Altri ricordi legati al Piccolo?
«Siamo stati primi a far sfilare gli olimpionici, quelli di Sydney 2000, con il campione Massimiliano Rosolino. E poi lo show con Carla Fracci».
La stilista e la ballerina.
«Mamma e Carla si volevano bene come sorelle. E Carla chiese a mia madre di sfilare e lei accettò subito: “l’uscita finale la fai tu”. Di solito toccava a una top, invece uscì la Fracci, un po’ danzando, un po’ sfilando. Provò e riprovò tante di quelle volte, come una novellina. Una lezione di professionalità che ho fatto mia».
La moda Biagiotti è sempre stata amica della donna. Cosa ha aggiunto Lavinia al brand?
«Considero un grande privilegio essere stata il braccio destro per vent’anni di mia madre. Lei ripeteva “mia figlia e io siamo intercambiabili” tanto che dal Duemila non si capisce quale sia una mia idea e quale di Laura. Quante volte penso “un capo così come l’avrebbe immaginato mia madre?”. Cerco di tenere il suo atteggiamento anche molto sereno nei confronti della moda e della donna».
Serena, mai superficiale.
«Da lei ho mutuato la grande ricerca nei tessuti, l’innovazione nelle lavorazioni. E la sostenibilità. Non abiti che dopo sei mesi diventano, non solo fuori moda, ma anche meno belli da indossare, perché la moda Biagiotti mette lo straordinario nel quotidiano e lo fa durare nel tempo. Laura Biagiotti è sogno, leggerezza, femminilità e fedeltà a sé, non dover per forza cambiare pelle».

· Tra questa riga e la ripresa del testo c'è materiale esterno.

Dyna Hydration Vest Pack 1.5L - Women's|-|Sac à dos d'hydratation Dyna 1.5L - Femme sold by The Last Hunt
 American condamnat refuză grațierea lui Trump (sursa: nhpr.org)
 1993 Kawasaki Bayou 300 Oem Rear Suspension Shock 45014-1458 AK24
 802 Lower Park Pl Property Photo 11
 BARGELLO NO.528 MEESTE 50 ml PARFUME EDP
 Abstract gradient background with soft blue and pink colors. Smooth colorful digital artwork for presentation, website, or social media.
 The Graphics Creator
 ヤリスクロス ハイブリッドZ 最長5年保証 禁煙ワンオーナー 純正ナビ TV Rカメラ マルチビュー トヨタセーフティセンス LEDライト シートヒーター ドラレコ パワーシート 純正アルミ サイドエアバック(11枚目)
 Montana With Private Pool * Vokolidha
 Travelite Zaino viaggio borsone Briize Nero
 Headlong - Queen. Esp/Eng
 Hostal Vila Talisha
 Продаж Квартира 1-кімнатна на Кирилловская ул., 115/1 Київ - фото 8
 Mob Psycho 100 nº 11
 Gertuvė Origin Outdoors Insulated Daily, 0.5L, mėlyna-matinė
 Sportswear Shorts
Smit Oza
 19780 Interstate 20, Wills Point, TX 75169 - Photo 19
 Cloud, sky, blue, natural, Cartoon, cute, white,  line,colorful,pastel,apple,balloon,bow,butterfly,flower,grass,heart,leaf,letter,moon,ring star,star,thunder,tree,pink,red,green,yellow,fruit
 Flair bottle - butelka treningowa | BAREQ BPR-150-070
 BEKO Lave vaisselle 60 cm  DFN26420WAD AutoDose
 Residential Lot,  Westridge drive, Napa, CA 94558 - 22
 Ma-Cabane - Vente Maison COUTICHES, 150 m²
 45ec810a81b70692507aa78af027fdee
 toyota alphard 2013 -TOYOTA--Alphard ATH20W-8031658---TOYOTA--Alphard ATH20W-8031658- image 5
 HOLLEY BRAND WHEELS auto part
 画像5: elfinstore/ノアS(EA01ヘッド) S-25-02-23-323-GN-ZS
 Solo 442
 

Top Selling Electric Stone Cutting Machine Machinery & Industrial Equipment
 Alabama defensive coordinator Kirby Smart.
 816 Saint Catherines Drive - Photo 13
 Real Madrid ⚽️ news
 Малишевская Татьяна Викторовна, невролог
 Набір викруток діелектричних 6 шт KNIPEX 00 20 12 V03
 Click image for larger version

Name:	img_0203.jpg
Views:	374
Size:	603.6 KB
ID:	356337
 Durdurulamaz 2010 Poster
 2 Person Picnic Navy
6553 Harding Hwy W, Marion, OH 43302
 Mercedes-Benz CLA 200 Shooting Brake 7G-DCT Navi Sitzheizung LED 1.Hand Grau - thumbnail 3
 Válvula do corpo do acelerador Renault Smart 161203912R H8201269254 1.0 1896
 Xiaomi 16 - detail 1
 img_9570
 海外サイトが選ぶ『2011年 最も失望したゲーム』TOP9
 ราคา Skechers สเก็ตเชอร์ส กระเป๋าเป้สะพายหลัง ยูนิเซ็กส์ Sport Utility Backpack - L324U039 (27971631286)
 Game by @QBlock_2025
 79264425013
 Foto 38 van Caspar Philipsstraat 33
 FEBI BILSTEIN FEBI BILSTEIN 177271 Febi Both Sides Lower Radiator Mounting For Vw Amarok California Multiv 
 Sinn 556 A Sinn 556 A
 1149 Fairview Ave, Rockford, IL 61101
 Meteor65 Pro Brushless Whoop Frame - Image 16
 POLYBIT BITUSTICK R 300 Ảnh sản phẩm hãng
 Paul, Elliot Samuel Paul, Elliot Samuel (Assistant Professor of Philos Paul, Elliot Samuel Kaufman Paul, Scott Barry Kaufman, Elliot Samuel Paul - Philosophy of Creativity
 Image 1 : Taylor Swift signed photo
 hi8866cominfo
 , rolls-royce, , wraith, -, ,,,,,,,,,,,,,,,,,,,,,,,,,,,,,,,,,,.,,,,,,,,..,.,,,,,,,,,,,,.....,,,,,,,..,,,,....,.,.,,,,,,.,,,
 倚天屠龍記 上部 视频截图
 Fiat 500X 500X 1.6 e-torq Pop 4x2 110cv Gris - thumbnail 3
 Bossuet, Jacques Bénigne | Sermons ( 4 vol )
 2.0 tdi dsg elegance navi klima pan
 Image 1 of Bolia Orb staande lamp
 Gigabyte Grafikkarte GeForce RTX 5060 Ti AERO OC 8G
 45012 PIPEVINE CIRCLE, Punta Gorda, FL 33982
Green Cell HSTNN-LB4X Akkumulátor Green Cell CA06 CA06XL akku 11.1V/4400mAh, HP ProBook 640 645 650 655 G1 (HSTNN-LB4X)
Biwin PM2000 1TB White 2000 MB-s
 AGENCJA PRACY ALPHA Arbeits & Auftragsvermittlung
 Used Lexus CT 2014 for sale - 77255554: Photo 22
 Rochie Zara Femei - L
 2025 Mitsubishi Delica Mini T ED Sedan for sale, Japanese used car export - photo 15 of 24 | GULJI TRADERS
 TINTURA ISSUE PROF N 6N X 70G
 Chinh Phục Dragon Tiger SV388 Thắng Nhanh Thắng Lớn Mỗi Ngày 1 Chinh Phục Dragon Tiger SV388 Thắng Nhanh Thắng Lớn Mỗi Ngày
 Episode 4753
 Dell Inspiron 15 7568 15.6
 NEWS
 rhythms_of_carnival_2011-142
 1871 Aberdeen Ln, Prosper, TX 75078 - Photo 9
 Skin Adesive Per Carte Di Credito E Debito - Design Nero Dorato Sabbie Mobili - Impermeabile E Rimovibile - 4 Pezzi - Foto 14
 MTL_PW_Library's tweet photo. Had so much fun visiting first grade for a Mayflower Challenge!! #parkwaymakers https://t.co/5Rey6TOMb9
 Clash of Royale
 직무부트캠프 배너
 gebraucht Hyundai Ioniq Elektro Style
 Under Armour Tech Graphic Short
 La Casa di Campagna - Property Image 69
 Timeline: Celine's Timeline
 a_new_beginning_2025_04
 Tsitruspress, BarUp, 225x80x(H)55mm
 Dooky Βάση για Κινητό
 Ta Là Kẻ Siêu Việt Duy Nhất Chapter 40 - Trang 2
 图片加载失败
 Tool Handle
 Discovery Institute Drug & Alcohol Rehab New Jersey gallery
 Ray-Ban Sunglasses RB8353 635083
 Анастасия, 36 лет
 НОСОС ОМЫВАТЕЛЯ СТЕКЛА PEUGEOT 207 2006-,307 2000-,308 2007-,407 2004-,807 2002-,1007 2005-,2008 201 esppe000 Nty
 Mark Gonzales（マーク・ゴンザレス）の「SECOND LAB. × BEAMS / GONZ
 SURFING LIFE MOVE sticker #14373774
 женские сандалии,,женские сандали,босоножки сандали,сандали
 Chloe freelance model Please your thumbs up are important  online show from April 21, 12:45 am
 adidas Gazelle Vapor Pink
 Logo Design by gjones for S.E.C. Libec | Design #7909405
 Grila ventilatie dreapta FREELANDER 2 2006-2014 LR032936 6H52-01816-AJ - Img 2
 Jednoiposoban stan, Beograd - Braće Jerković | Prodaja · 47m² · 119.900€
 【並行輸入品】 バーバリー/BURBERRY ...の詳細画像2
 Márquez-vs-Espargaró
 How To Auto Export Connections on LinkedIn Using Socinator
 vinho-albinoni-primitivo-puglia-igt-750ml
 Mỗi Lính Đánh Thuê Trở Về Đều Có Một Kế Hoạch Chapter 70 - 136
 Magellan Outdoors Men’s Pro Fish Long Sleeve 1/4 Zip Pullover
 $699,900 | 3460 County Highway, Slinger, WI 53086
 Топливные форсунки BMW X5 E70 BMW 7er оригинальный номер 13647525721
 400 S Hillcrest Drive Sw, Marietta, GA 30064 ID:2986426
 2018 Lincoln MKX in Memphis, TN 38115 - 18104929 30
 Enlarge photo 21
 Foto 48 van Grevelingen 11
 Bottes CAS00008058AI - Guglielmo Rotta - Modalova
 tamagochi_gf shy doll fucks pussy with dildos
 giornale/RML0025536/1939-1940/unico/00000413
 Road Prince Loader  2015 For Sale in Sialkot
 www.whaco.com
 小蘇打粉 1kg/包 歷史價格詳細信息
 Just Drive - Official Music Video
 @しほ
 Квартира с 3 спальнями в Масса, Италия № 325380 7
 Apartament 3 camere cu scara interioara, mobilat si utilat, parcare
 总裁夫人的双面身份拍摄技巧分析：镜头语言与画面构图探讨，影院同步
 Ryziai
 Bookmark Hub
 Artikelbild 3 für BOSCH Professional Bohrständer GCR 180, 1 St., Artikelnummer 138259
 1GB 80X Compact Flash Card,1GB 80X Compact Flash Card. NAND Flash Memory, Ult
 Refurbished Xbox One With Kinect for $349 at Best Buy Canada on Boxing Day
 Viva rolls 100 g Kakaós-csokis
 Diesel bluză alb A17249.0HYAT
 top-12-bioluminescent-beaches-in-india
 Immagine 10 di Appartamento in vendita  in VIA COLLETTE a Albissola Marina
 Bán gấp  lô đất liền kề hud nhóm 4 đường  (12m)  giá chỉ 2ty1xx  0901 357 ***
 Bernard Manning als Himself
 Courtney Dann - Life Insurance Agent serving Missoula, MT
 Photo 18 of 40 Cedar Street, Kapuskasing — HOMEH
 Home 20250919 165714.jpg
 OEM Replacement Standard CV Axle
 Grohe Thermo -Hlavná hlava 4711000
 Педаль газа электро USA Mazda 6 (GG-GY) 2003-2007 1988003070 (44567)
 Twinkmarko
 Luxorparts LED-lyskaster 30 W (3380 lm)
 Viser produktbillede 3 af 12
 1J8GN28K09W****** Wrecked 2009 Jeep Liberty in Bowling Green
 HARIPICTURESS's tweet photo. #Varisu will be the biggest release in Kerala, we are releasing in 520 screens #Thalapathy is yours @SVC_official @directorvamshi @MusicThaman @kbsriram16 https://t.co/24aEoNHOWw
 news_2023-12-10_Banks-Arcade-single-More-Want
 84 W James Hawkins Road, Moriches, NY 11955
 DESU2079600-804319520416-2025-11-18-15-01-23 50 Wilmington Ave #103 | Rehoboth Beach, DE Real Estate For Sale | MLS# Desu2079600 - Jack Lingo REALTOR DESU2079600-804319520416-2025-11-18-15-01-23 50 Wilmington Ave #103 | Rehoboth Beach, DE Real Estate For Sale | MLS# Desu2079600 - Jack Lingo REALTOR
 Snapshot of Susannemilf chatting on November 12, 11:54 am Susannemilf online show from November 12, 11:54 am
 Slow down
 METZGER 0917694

I pezzi Laura Biagiotti del suo cuore?
«L’abito bambola e il cashmere. Il primo lo inventò nel ‘78 quando era incinta di me. Ampio con le balze, ma non premaman. Lei voleva lavorare con il suo pancione, indossando qualcosa di femminile. L’abito bambola c’è sempre, declinato in modi diversi. E poi la maglieria, il cashmere che avvolge come un abbraccio».
Tra i personaggi che ha amato vestire?
«Pat e Anna Cleveland, un’altra coppia di madre e figlia. Pat la chiamai anche quando cui scomparve mia madre e la sua passerella danzante mi fece ritrovare il sorriso».
Roma, Milano. Nel futuro?
«A Roma mia madre ha voluto sempre vivere e lavorare. Roma è ispirazione. Milano per me è la città d’adozione, è un luogo in cui ho gli amici e gli interessi di lavoro. Il terzo luogo del cuore è Venezia. Non è nei progetti, è il sogno. Ma sognare nella moda è fondamentale».
Qual è il più importante insegnamento di sue madre?
«Ripartire ogni giorno da un foglio bianco. Se ieri è stata una giornata difficile, oggi il foglio bianco fa ricominciare con energia. Milano per me è la città del foglio bianco, è la città in cui si ricomincia».